Dick spent the years of World War II in San Antonio with his mother while his father was overseas in Europe and his brother was at West Point. In San Antonio, he attended Alamo Heights High School and grew up there with many other “Army brats” like Don Gower, who also became one of his West Point classmates. Don and Dick became good friends, hunting together and taking dates to the same local parties. Dick graduated from high school with honors and, along with Don, attended Sullivan’s Preparatory School before entering West Point in 1945 on a Presidential appointment as a member of the Class o f ’49.

At West Point, Dick excelled in his studies, consistently standing in the top ten percent of his class. He shared cadet life with his roommate, Bill Norden, with whom he established a close relationship. He was active in several student activities, including swimming, soccer, and skeet. Most notably, though, he was a cadet mule rider, appearing prominently at Army football games. He shared his academic skills with others, spending many hours coaching cadets having difficulty with the rigorous academic regimen. He graduated in June 1949 with a class standing of 38 out of 574. After graduation, he was commissioned in the U.S. Air Force.

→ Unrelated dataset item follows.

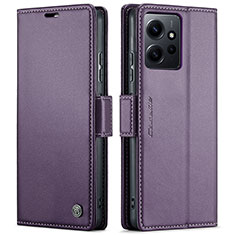 Coque Portefeuille Livre Cuir Etui Clapet C05S pour Xiaomi Redmi Note 12 4G Violet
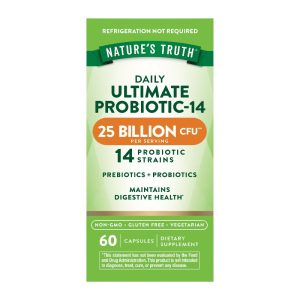ULTIMATE PROBIOTIC-14 x 60 TABLETS - NATURE'S TRUTH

During graduation leave, Dick traveled to Athens, Greece, to visit his parents. His father was serving with Lieutenant General Van Fleet on the U.S. Army Advisory Group to Greece. In July, he reported to Randolph Air Force Base in San Antonio, Texas, for pilot training, an event that was like going home for him, as he had spent all the World War II years in San Antonio with his mother while his father was serving overseas. As had been the custom for “Army brats” as a youth, the Officers’ Club pool at Fort Sam Houston again became his weekend hangout. He met Shirleigh Warner, the girl who would become his wife, at that pool. She was to be a freshman at Incarnate Word College in the fall and was living with her aunt, an Army widow. She too had become a constant habitue of the Fort Sam pool. The two began dating, and by the time Dick completed basic flight training and left for Nellis Air Force Base, Las Vegas, Nevada, for further training, they were committed to getting married when he was to return, scheduled for July 1950. Because the Korean War broke out shortly before his graduation, there was a question of when the wedding should take place. As soon as he found out he would not be going immediately to Korea, as many of his classmates were, the wedding date was set for 14 August 1950, allowing the bride only a couple of weeks to pull the wedding plans together.

Those were hectic and traumatic days for many in the Classes of ’49 and ’50. There were high casualty rates in both classes, as they were shipped off to war with very little, or no, advanced training after graduation. Dick’s first assignment after receiving his wings was to the training command at Connally Air Force Base, Waco, Texas. As Dick began his brief career, he and Shirleigh set up their house in Waco. After only a couple of weeks, he was to report to Craig Air Force Base in Selma, Alabama, for a three-month pilot instructor training program, after which he was to return to Connally.

In July 1951, he received orders to report on 1 Aug 1951 to Williams Air Force Base, Arizona, for jet upgrading. It was there, while flying alone in an F-80 on 16 August 1951, that he apparently experienced oxygen failure. After blacking out, he crashed in the desert in New Mexico, killing him only two weeks into his jet training and only two days after his and Shirleigh’s first wedding anniversary. Dick is interred in Arlington National Cemetery in a family gravesite arranged by his father.